Hugo Broos publicly challenged the young attacker to raise his standards or risk missing out on the Africa Cup of Nations in Morocco at the time.

A stern warning but one that seemed to ignite a response. Mofokeng regained momentum at just the right moment, doing enough to convince the Bafana mentor he remained integral to the national setup.

And when he returned from continental duty, he did so with renewed authority.

With the World Cup looming, the forward has picked up where he left off, named Player of the Month for January and February after delivering a string of influential performances, scoring, assisting and dictating play as Pirates pushed to stay in contention in the Betway Premiership title race.

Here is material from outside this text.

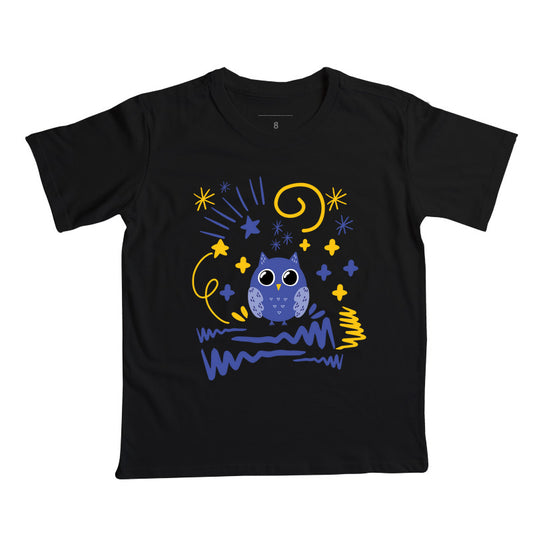 Camiseta Na Vibração da Corujinha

What has also caught the eye is Ouaddou’s tactical tweak.

Under former coach José Riveiro, who handed Mofokeng his debut in January 2023, the youngster operated primarily from wide areas.

Ouaddou, however, has increasingly deployed him in a more central No.10 role.

“He is a clever player,” the coach said.

“Rele can play two or three positions in modern football and cannot only be used on the side. I believe he is very efficient when he plays as a 10 because he has 360 degrees of possibilities to play. But when we put him on the side he has only 160 degrees of possibility because there is the touchline.”

It is a simple but revealing assessment.

In central spaces, Mofokeng is liberated, free to turn, combine and slip passes in any direction while geometry limits him on the flanks.

The positional shift has added layers to his game meaning he is no longer just a dribbler isolating full-backs, he has become a conductor between the lines, knitting phases together and drifting into pockets where defenders hesitate to follow.

Yet Ouaddou is mindful of balance. “But we have to manage the team and we have to manage the players as well,” he cautioned.

“There are impact players on the bench, so sometimes you make combinations.”

The message is clear: Mofokeng may be central to the project, but he is not the entire project. Pirates cannot afford to overload a youngster with excessive responsibility, particularly with a demanding domestic and international calendar ahead.

There is also the risk of overcomplicating his role.

“We have moved him around sometimes and when you do that, a player can get a little bit unsettled because it is too many times,” Ouaddou admitted.

“Maybe we have to think and stabilise him in at least one position during the game, even though I allow him to move around when he plays with Oswin Appollis.”

Mobility remains one of Mofokeng’s strongest assets.

He can drift wide, drop deep or dart behind the defensive line.

That unpredictability makes him difficult to mark, and invaluable in high-stakes matches.

It also explains why he has quickly become one of the poster figures of Bafana’s World Cup campaign, where South Africa will face co-hosts Mexico, South Korea and the winner of the European play-off.

The global stage will bring exactly the kind of pressure Ouaddou believes is necessary for growth.